西米良村には、カリコボーズという精霊が伝わる伝説があります。カリコボーズは、春の彼岸から夏にかけて川に下り「水の神」となり、秋の彼岸から冬にかけては山に登り「山の神」となるとされています。少しのいたずらもしますが悪さはしないとされ、村内各地に様々な逸話が残されています。山の仕事をするときには塩や米、焼酎を供えて山の神様に祈る習慣があり、これを怠るとカリコボーズが家を揺すって驚かせると言い伝えられています。
西米良村の特産品としては、香り高い柚子があります。季節によって青柚子と黄柚子が収穫され、夏場の青柚子は柚子胡椒に、晩秋の黄柚子はドリンクやポン酢、ドレッシングに使われます。

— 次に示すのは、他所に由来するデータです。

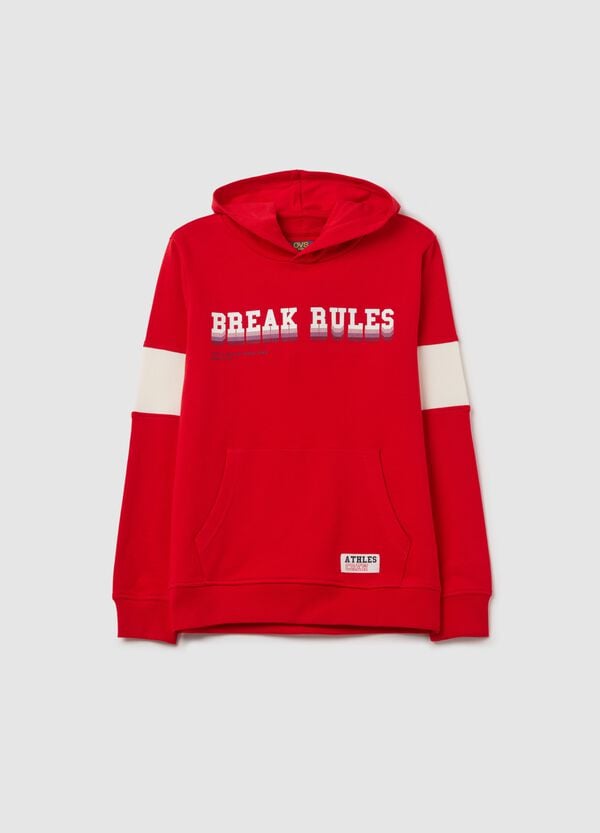 Ovs Felpa Con Cappuccio E Stampa "Break Rules"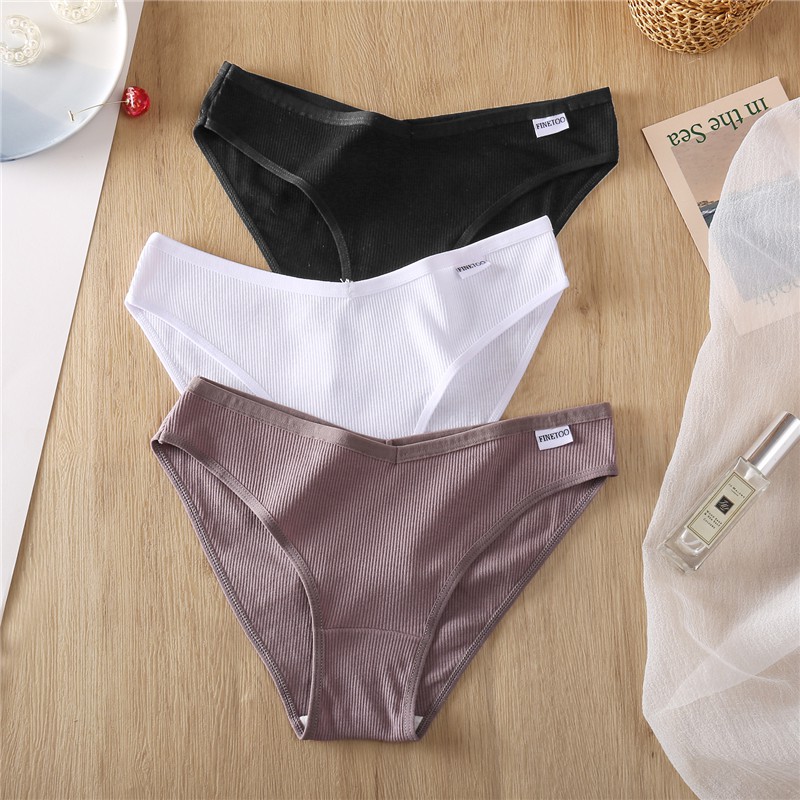 Fashion Cotton Panty Sexy V Waist Briefs Girls Low-Rise Soft Panty ...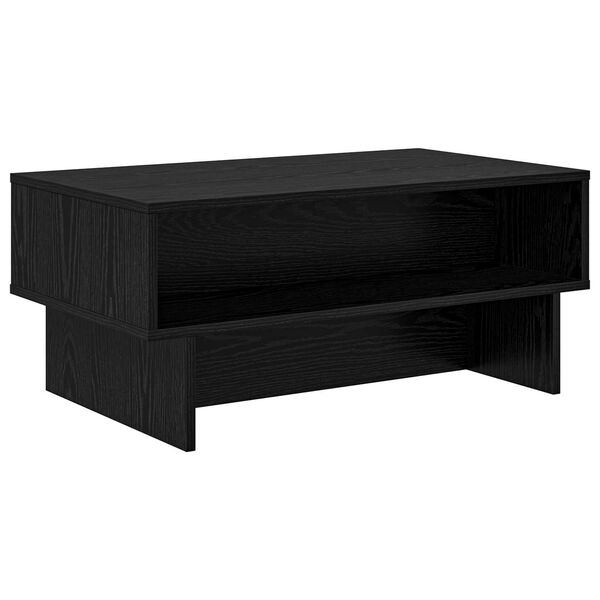 vidaXL Mesa de Caf&eacute; Roble Negro 80 x 46 x 35 cm Madera de ingenier&iacute;a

寒暖差のある斜面で栽培されるため、他県の柚子に比べて香りが非常に高くなります。
また、西米良村では古くから山の恩恵を受けて生活しており、鹿や猪といったジビエが貴重なタンパク源として重宝されてきました。尊い命をいただくことに感謝し、無駄にすることなく美味しく味わう食の哲学が受け継がれています。
西米良村では標高約640メートルの山を切り拓き、先代が作った田んぼを守り続けてきました。研究と実践を重ね、より良い米を追求してきた結果、西米良の米は一粒一粒に旨みと甘みが凝縮されており、日本の宝とも言える食材となっています。